I’m not going to give away the answer, but there are some choices of $i, j, k, l$ for which $x_i = j, x_k = l$ is in fact impossible, for “number-theoretic” reasons. I suspect the probabilistic approach would work better in a prime base, just because there’s less of this to worry about.

Small correction: fourth paragraph, the probability should be 2 × 10^-7, not 2 × 10^7, as 2 × 10^7 is *much* bigger than 1!! 😛

Thanks!

I think that there may be some hope of using continued fractions to explore this. It seems certain that the most likely value that each power could have as a leading digit is 1 (indeed, I rather doubt that there would be other possible solutions, but haven’t proved this yet: clearly, though, for example, if 2^n leads with 2, then 4^n leads with a number between 4 and 8: I haven’t yet ruled out 8 and 9 as possibilities, but I think that can be done)

It may be worth noting, lest anyone be tempted to expend trouble and computer time extending John’s calculation to values beyond 10^10, that the sort of number-theoretical reasoning Michael Lugo mentions suffices to resolve the question of whether you can ever have all of 2^n, …, 9^n beginning with the same digit.

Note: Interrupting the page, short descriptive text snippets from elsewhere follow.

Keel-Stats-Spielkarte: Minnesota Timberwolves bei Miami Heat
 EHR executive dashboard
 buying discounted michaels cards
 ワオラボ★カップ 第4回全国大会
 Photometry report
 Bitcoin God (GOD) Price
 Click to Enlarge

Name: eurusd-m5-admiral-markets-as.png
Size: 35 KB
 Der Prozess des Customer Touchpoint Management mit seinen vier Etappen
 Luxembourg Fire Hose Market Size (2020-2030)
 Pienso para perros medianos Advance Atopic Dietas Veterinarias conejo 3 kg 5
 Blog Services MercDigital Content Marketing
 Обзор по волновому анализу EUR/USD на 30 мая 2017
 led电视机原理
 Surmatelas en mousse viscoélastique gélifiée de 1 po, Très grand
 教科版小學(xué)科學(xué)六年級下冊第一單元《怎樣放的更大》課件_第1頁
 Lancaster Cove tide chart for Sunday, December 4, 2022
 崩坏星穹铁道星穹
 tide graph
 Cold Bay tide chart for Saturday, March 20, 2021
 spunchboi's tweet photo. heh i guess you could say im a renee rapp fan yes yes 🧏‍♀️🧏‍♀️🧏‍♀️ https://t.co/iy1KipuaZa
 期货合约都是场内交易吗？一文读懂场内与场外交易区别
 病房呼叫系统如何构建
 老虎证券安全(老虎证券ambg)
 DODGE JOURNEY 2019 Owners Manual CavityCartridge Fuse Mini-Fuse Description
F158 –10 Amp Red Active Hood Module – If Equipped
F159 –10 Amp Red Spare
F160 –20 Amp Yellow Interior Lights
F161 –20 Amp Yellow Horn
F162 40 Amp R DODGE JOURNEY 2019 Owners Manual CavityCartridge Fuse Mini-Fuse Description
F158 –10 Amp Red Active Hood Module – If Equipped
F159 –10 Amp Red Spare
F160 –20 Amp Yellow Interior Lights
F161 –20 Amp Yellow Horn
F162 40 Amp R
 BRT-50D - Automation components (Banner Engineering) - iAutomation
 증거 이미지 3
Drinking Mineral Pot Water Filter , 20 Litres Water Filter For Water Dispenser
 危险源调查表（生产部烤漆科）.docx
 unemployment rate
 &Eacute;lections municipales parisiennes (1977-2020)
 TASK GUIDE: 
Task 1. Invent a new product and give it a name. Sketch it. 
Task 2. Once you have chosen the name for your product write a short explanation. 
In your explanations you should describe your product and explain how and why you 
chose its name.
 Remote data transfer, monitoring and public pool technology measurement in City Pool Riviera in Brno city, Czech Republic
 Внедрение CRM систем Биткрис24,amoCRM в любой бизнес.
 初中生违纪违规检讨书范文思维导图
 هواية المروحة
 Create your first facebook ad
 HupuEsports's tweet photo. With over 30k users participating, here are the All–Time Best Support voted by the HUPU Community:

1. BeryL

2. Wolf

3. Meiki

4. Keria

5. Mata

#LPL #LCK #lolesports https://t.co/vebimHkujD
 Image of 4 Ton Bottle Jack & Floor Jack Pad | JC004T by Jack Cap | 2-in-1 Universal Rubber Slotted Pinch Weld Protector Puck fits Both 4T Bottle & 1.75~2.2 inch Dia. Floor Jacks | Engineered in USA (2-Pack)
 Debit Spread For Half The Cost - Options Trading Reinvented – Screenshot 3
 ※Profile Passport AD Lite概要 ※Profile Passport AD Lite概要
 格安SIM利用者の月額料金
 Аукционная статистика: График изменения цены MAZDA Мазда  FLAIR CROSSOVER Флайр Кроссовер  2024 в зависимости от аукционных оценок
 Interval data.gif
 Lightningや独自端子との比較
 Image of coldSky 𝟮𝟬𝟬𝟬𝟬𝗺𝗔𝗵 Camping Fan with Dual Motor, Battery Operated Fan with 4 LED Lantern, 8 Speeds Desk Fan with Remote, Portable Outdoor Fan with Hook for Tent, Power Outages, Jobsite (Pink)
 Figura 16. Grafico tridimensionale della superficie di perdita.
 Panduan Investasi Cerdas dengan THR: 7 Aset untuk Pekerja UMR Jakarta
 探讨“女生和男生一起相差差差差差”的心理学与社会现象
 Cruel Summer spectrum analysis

Why not search for k such that the kth digit of log 2, …, log9 is the same (or a neighbor) and then find n from that? Given the relationship between the numbers (8 is 2^3, for instance), that digit would have to be 0 or, less likely, 9.

If you think about that, I think it’s clear that searching for k one by one will take a long time. At best I’d expect to find some n with hundreds of thousands of digits, but more likely (I think) in the order of a hundred million digits.